### Provided records
····················
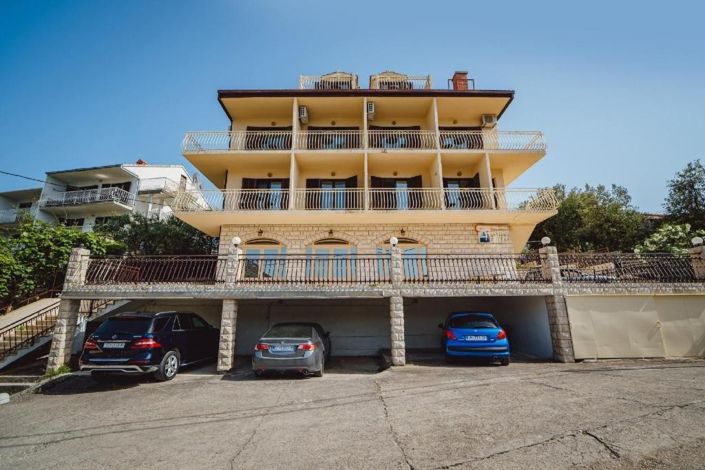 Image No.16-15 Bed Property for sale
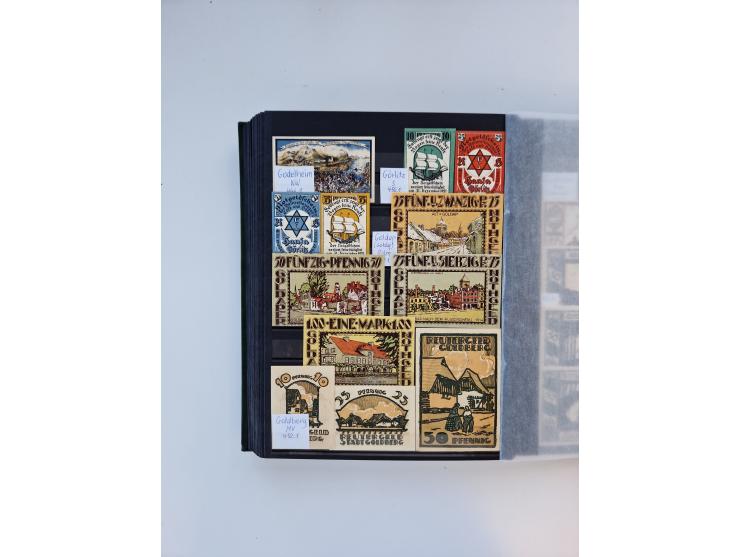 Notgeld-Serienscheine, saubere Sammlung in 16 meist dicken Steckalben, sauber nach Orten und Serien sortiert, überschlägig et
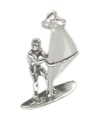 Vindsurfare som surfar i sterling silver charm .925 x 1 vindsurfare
····················
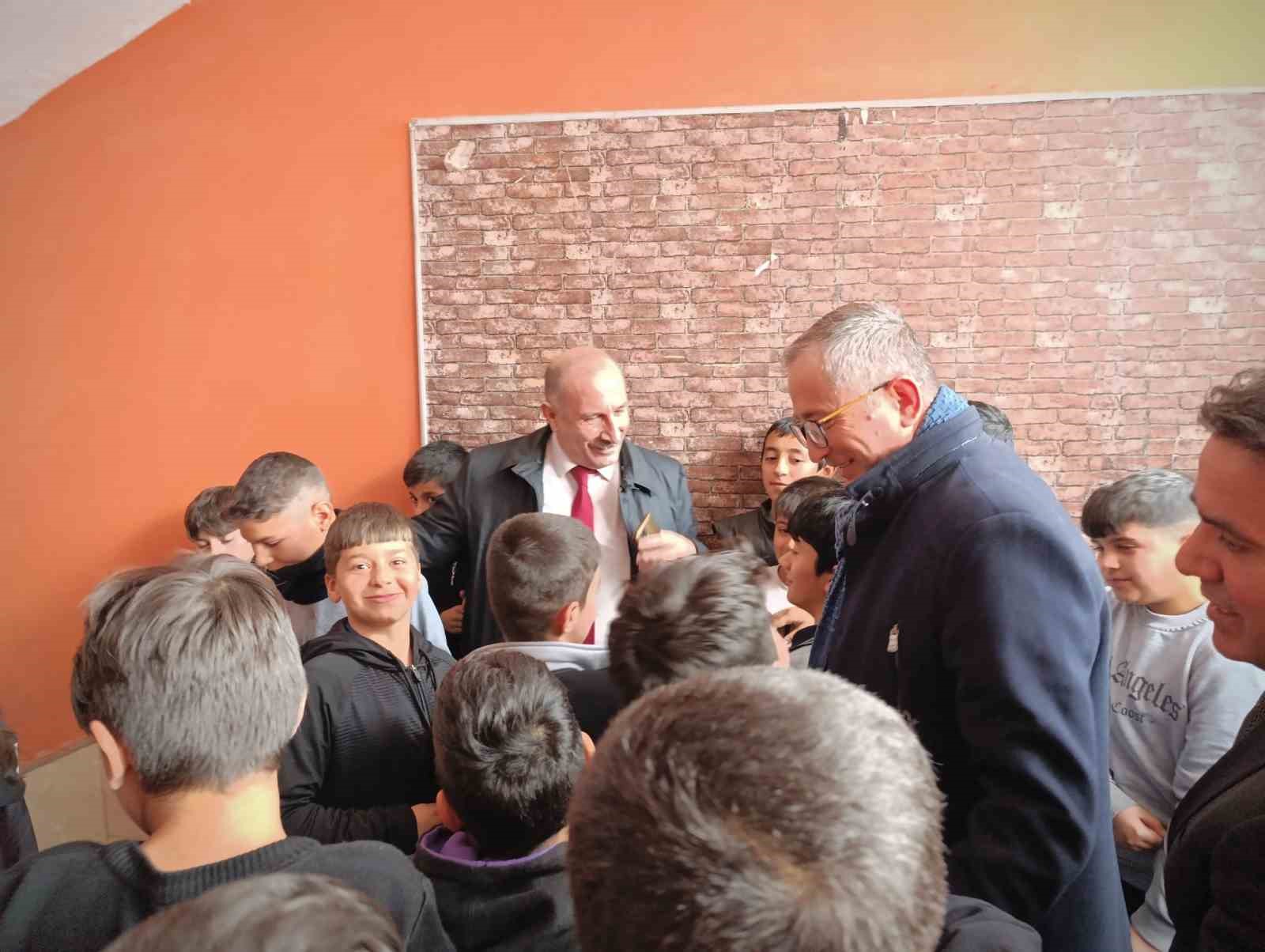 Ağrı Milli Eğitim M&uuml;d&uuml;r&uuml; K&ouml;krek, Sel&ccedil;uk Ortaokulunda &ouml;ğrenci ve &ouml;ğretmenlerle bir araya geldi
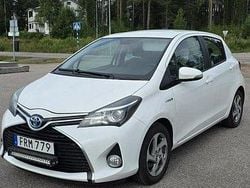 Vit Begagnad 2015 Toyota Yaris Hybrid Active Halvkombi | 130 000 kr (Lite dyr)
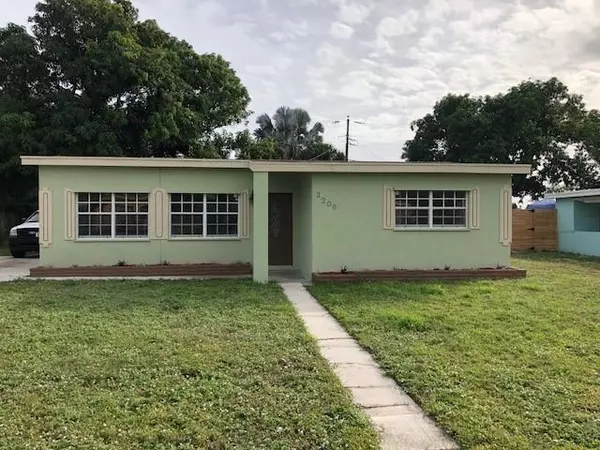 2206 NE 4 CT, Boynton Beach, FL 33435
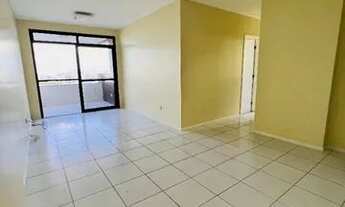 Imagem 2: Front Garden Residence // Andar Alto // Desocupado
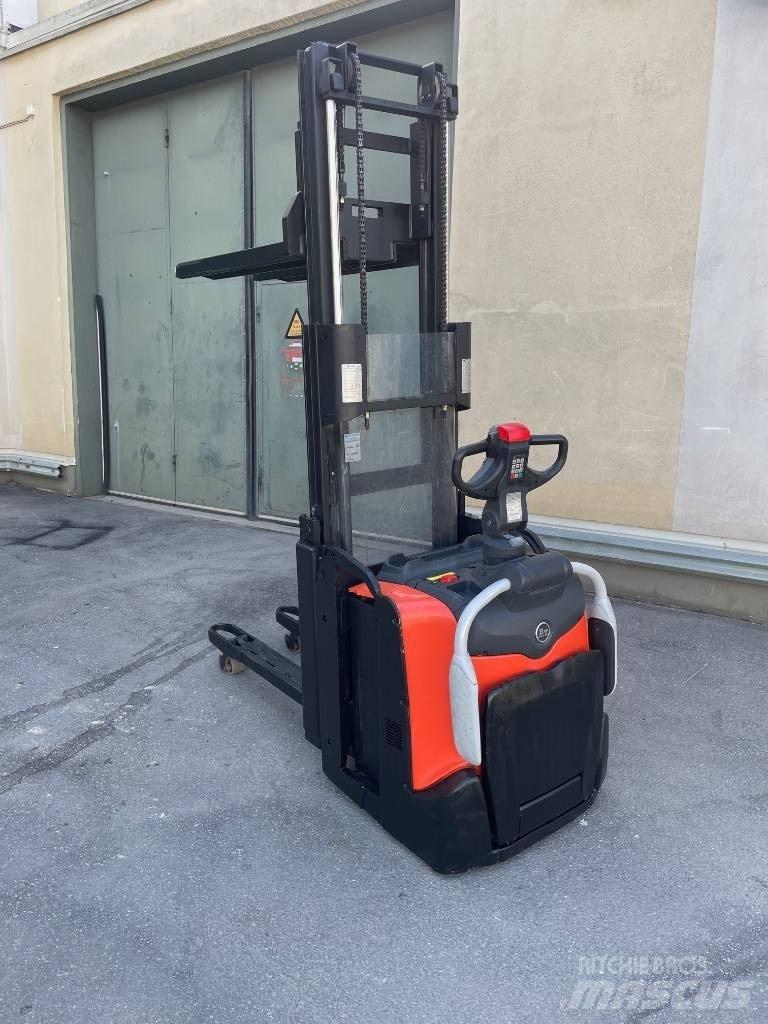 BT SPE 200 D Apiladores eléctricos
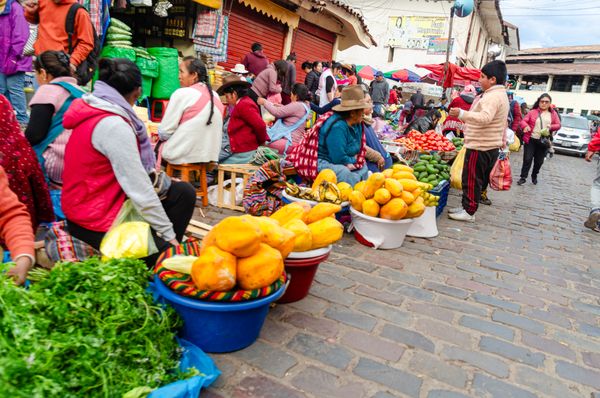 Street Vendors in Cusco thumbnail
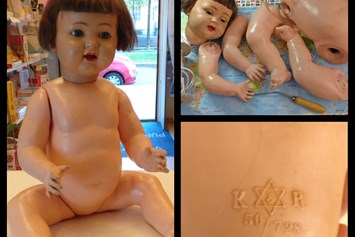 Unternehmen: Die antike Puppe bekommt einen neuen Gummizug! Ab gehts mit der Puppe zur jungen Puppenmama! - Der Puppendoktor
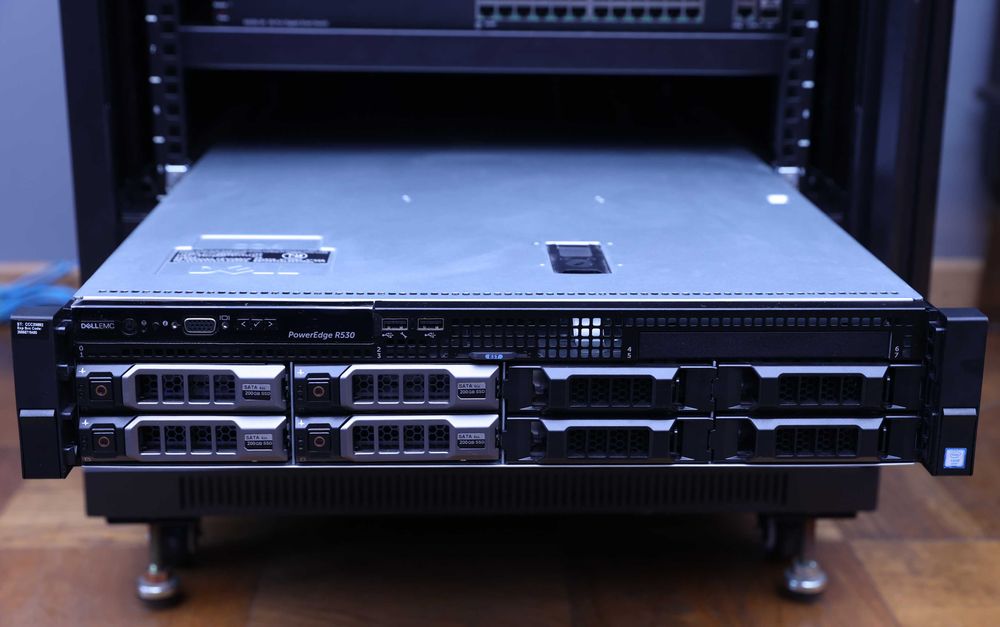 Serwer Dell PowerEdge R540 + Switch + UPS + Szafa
····················
### Exercise instructions
Reproduce the records above exactly, but only from the line with "Imagem 2: Front" up to and including the line with "Serwer Dell PowerEdge". Leave the pictures out.

### Result of the exercise
 Imagem 2: Front Garden Residence // Andar Alto // Desocupado
 BT SPE 200 D Apiladores eléctricos
 Street Vendors in Cusco thumbnail
 Unternehmen: Die antike Puppe bekommt einen neuen Gummizug! Ab gehts mit der Puppe zur jungen Puppenmama! - Der Puppendoktor
 Serwer Dell PowerEdge R540 + Switch + UPS + Szafa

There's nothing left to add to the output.